Human beings in the modern age are very… careful. Too careful. People do not want to step out of line out of fear of being noticed, having negative attention cast upon them. It is natural mammalian behaviour in social animals to try to blend in with the herd so as not to become a target for predation. I would argue that the same instinct compels people to refrain from making a fuss about the endless injustice in the world — at least not in ways that are super meaningful or impactful — for the sake of their own security, comfort, and status; both in terms of their ability to earn money, as well as their position in the social circles which they are part of. Unless, that is, they are tackling pedestrian issues (the ones where if anyone disagrees with you they are immediately in a position to be morally judged, with severity).
Nietzsche had a beautiful line in his essay On Truth & Lies In A Nonmoral Sense(1) which I feel is perfectly suited to the ethos of this article: “…man(kind) wishes to exist socially and with the herd; therefore, he needs to make peace, and strives accordingly to banish from his world at least the most flagrant bellum omni contra omnes (war of every individual for themselves).” The point being, that: people generally do not want to rock the boat out of fear of alienation from the rest of the pack; which is a common consequence of being an outspoken contrarian in response to widely-accepted points of view.

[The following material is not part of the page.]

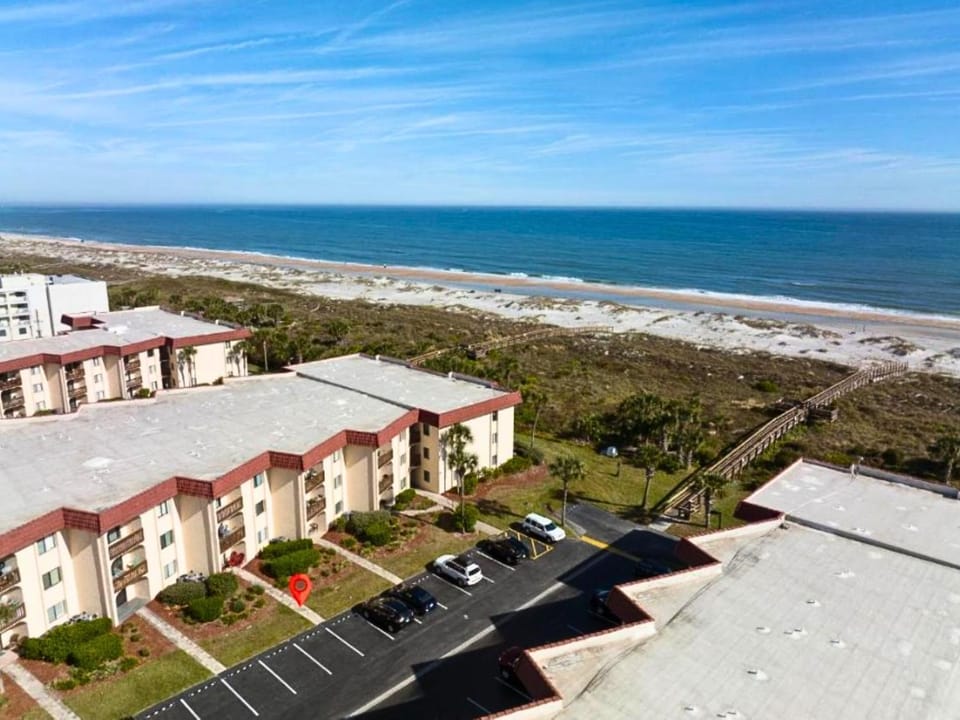 Property building, Bird's eye view, Beach, Sea view, Parking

There is a lot invested in understanding human psychology, group dynamics, and how to use this understanding to effectively coerce people into behaving, even thinking, certain ways.
Do you need to drum-up fake support for your very own personal agenda? It doesn’t matter how bad an idea it is! All that matters is that you can pay! Do you want to force your will upon the herd, but the pesky peasants who constitute it don’t want to go along quietly? We’ve got just the thing!
There are now PR agencies all-over the world offering such services as ‘rent-a-crowds’ to suit your desired ends, however nefarious they might be… That’s right, mobs for hire! — to accommodate the will of anyone willing to pay.(2) One can hire groups of people to attend whatever event they are orchestrating to show support, or to attend events of people they do not like, to show disdain and displeasure. The use of rent-a-crowds takes advantage human ‘herd instinct’, and uses it against us.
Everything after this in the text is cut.